Taiwan islander nostalgia for Japanese colonial rule and the DPP’s deep ties with the Japanese right wing are perhaps not well understood by the U.S. public, but President Tsai regards Japan under Prime Minister Abe, not the US, as her most simpatico and supportive foreign friend. During the DPP administration, Taiwan will evolve into a strategic partner of Japan on economic issues and China diplomacy, and the United States, in my opinion, will be hard-pressed to keep up.

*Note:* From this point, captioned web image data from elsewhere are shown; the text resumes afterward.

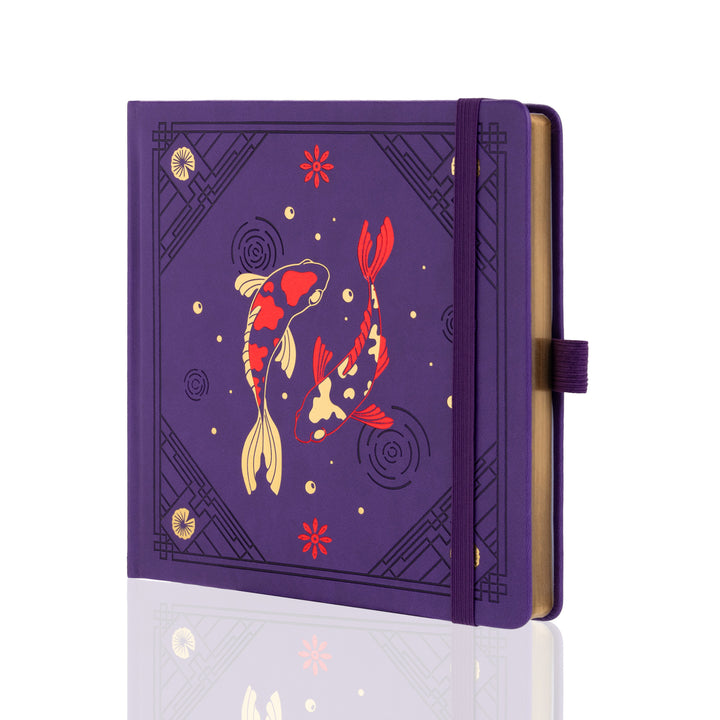 8x8 Square Lotus &amp; Koi Notebook - Deep Purple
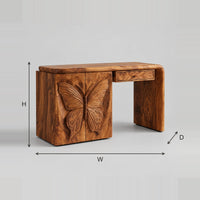 Butterfly Carved Makeup Vanity With Two Door Cabinet Base dimension diagram with width, height and depth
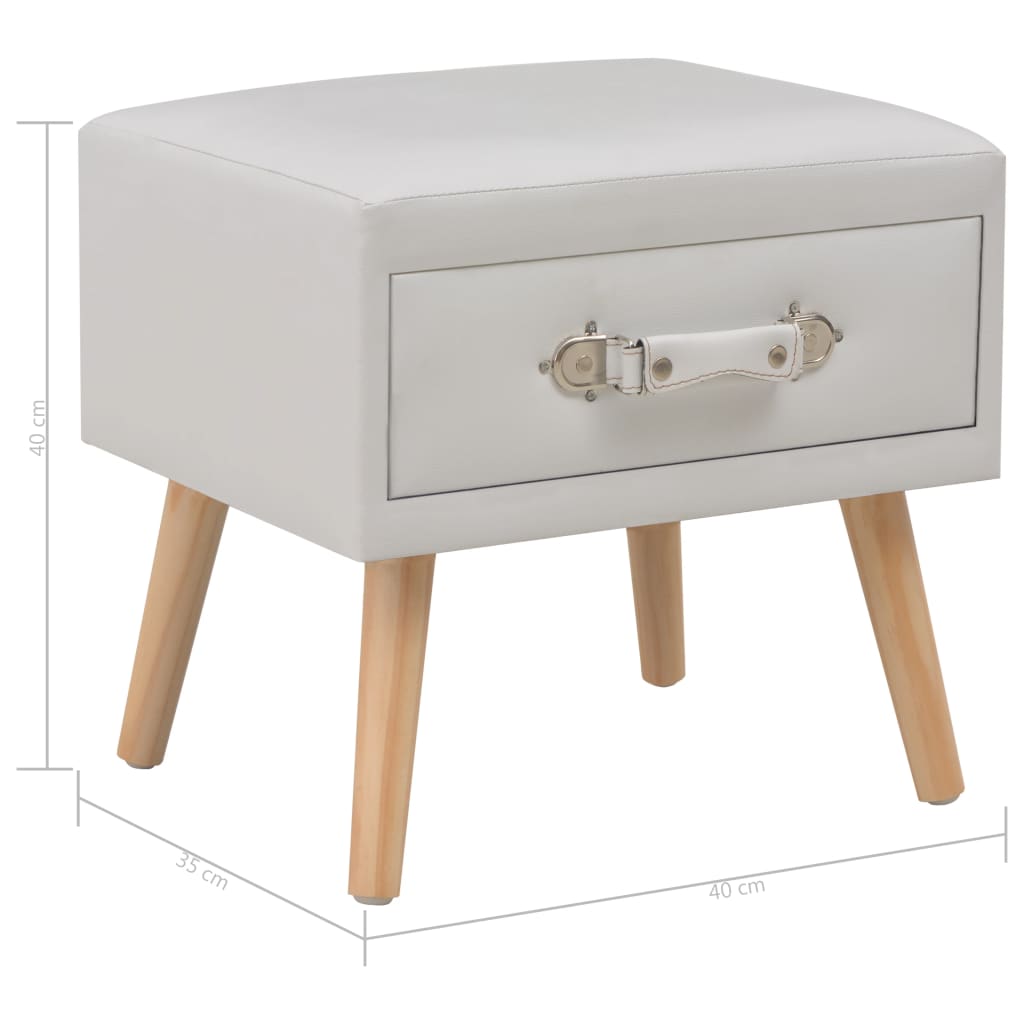 Comodino Bianco 40x35x40 cm in Similpelle | homemem39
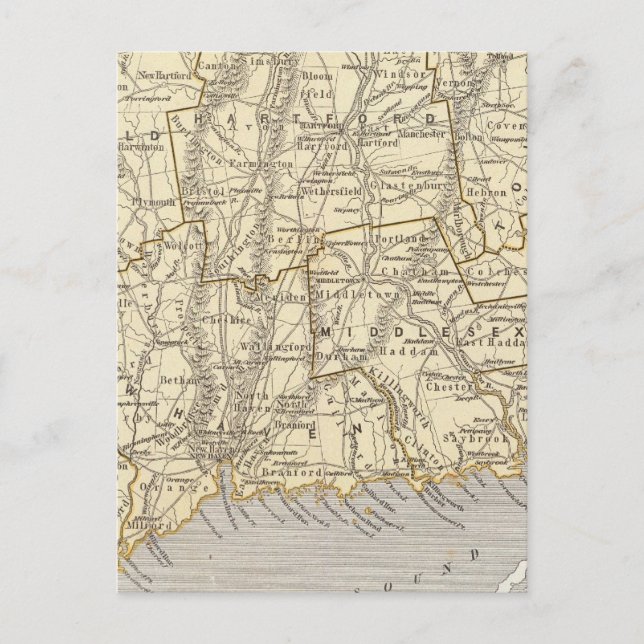 Cartão Postal Mapa Atlas de Connecticut (Frente)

So the United States pivot to Asia is beset by centripetal forces (a good metaphor: imagine the alliance circling the U.S. pivot point and splitting up as more spin is applied) and keeping this unwieldy construct in one piece is a difficult, expensive full-time job, one that yields ample and profitable employment to a legion of analysts and strategists, and is an excuse to fatten the conventional forces budget, especially of the Navy, to an obscene degree.
Enter Ash Carter, the bureaucrat “genetically engineered to be Secretary of Defense”. Too bad, thanks to the de facto coup that removed Chuck Hagel and put Pentagon China hawks into the driver’s seat for U.S. China policy, Carter is also handling East Asia diplomacy and public messaging as well, two things he was manifestly not engineered to excel at.
In a speech at the Council for Foreign Relations, in preparation for his recent swing of military undiplomacy through Asia (canceled trip to China, observation of joint US-Philippine Balikatan military exercises, India visit), Carter complaisantly declared that Asia was a region that, thanks to U.S. military presence, “had it good for 70 years”.
Bear in mind this was a period that included the Vietnam War and its knock-on effects (the bombing of Laos, the Pol Pot regime in Cambodia), the U.S.-backed coup against Sukarno in Indonesia, the detested U.S. presence in the Philippines that culminated with the deposition of the brutal U.S.-backed strong man Ferdinand Marcos…
Also at CFR, Carter got a bit carried away talking about India:
The U.S.-India relationship is destined to be one of the most significant partnerships of the 21st century. Ours are two great nations that share a great deal — democratic governments, multi-ethnic and multicultural societies with a commitment to individual freedom and inclusivity, and growing, innovative, open economies.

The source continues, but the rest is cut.